As far as I know, there is no way to get at an Accept-Language header with raw JavaScript. Based on my testing and research both the XMLHttpRequest() and fetch() APIs won't make this header available for inspection.

The only way to get at this header is to read a request from the server and return the header string in the server response.

If you don't have a server, this snippet will return Accept-Language strings from any request to a free tier endpoint from Webtask IO:

/**
* @param context {WebtaskContext}
*/
module.exports = function(context, cb) {
  cb(null, context.headers['accept-language'] || context.headers['Accept-Language']);
};

Make sure to save any fetched headers in local/session storage to avoid spamming round trips to the server for redundant locale information.

i18n.locale/system-locales

Attempts to detect the user's preferred locale from the browser or OS.

This is entirely different from and less reliable than Accept-Language discussed above, but has the advantage of being available in the browser without a server round-trip.

Runs through the various options documented at:

https://zzz.buzz/2016/01/13/detect-browser-language-in-javascript/

Normalizes the return values to a sequence of locales or nil.

i18n.number - Number format and parse

Both formatting and parsing of numbers is supported in i18n.number.

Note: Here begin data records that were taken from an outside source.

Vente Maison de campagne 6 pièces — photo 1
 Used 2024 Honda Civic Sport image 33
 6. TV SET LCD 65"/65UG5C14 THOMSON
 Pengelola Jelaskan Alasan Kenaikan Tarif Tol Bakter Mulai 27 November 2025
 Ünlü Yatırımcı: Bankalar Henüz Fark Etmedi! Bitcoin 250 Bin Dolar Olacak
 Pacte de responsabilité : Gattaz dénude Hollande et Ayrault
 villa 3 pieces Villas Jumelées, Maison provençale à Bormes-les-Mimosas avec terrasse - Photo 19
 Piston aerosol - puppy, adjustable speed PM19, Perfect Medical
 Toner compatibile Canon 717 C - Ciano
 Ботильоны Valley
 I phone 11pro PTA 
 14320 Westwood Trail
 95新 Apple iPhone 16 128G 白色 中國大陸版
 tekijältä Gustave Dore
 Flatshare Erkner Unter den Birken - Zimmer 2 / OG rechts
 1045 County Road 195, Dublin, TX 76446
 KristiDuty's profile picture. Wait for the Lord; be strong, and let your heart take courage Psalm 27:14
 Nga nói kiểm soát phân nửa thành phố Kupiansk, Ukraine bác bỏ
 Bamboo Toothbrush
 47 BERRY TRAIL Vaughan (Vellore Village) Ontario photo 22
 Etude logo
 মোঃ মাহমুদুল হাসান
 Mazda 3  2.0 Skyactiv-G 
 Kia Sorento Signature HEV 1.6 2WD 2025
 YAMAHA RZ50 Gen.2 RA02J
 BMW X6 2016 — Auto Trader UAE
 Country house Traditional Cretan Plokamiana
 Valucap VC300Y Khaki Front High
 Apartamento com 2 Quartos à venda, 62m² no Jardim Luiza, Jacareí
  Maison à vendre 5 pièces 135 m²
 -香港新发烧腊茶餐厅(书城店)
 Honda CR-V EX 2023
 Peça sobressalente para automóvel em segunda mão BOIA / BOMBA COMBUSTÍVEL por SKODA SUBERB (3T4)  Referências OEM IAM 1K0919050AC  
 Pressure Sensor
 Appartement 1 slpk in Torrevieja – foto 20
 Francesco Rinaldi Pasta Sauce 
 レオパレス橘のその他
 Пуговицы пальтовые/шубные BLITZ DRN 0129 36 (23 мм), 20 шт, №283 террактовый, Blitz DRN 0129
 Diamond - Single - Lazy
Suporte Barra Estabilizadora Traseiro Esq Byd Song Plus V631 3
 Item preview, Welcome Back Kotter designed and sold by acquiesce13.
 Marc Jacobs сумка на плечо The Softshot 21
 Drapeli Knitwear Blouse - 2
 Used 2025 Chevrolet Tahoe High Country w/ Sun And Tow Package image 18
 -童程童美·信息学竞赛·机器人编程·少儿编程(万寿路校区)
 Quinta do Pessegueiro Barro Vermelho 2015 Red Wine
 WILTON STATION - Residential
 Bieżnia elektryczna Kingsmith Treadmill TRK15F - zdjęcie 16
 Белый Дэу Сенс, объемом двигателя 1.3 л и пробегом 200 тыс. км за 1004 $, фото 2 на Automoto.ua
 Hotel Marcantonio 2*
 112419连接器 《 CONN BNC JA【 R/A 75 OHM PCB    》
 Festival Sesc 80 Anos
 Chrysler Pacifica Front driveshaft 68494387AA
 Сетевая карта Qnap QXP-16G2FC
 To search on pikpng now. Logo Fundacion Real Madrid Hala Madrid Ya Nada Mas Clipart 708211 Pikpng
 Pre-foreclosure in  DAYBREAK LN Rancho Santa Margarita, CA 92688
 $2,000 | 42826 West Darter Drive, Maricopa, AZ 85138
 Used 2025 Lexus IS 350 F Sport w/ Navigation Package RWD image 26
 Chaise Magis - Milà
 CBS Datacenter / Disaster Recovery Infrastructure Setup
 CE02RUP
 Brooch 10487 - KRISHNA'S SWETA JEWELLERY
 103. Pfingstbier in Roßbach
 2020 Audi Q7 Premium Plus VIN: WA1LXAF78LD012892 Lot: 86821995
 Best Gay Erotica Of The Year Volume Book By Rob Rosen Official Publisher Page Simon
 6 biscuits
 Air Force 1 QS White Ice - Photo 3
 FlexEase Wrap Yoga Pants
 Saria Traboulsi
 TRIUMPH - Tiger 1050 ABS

The public API consists of 2 fns:

  • i18n.number/format
  • i18n.number/parse

Both take a number/string to be formatted/parsed as the first arg and optional k/v pairs for other options.

Uncached versions i18n.number/-format and i18n.number/-parse are available if memory pressure is a concern.

See i18n.number tests for examples of both.

Shared options

:locale

Any supported locale code (see above).

:pattern

A CLDR number formatting pattern or one of the preconfigured formats as per i18n.number/formats. Currently supported formats: :decimal, :scientific, :percent, :currency, :compact-short, :compact-long.

Default :pattern is :decimal.

Official documentation for CLDR patterns:

http://cldr.unicode.org/translation/number-patterns

Example patterns:

https://github.com/google/closure-library/blob/master/closure/goog/i18n/numberformatsymbols.js

:ascii?

Boolean to use only ascii digits in the output.

Default is false.

Parsing is also influenced by the ascii digit configuration.

(format 1000000 :locale "fa") ; "۱٬۰۰۰٬۰۰۰"
(format 1000000 :locale "fa" :ascii? true) ; "1,000,000"

Parsing

You should not typically need to set a pattern manually for parse, :locale alone should be sufficient.

(parse "1,000,000") ; 1000000
(parse "10,00,000") ; 1000000
(parse "1,000,000" :locale "gl") ; 1

Formatting

Format has a few extra options not available to parse.

:min-fraction-digits

Integer minimum number of digits to allow for fractions.

Default is 0, max is :max-fraction-digits (see below).

Fills out missing digits with trailing zeros.

(format 1) ; "1"
(format 1 :min-fraction-digits 1) ; "1.0"

:max-fraction-digits

Integer maximum number of digits to allow for fractions.

Default is 3, max is 308.

Does NOT fill out missing digits with trailing zeros.

Applies rounding to truncated values.

(format (/ 10 3)) ; "3.333"
(format (/ 10 3) :max-fraction-digits 1) ; "3.3"
(format (/ 10 3) :max-fraction-digits 2) ; "3.33"
(format (/ 10 3) :max-fraction-digits 3) ; "3.333"
(format 1 :max-fraction-digits 3) ; "1"
(format 1.5678) ; "1.568"

:significant-digits

Integer number of significant digits for the formatted number.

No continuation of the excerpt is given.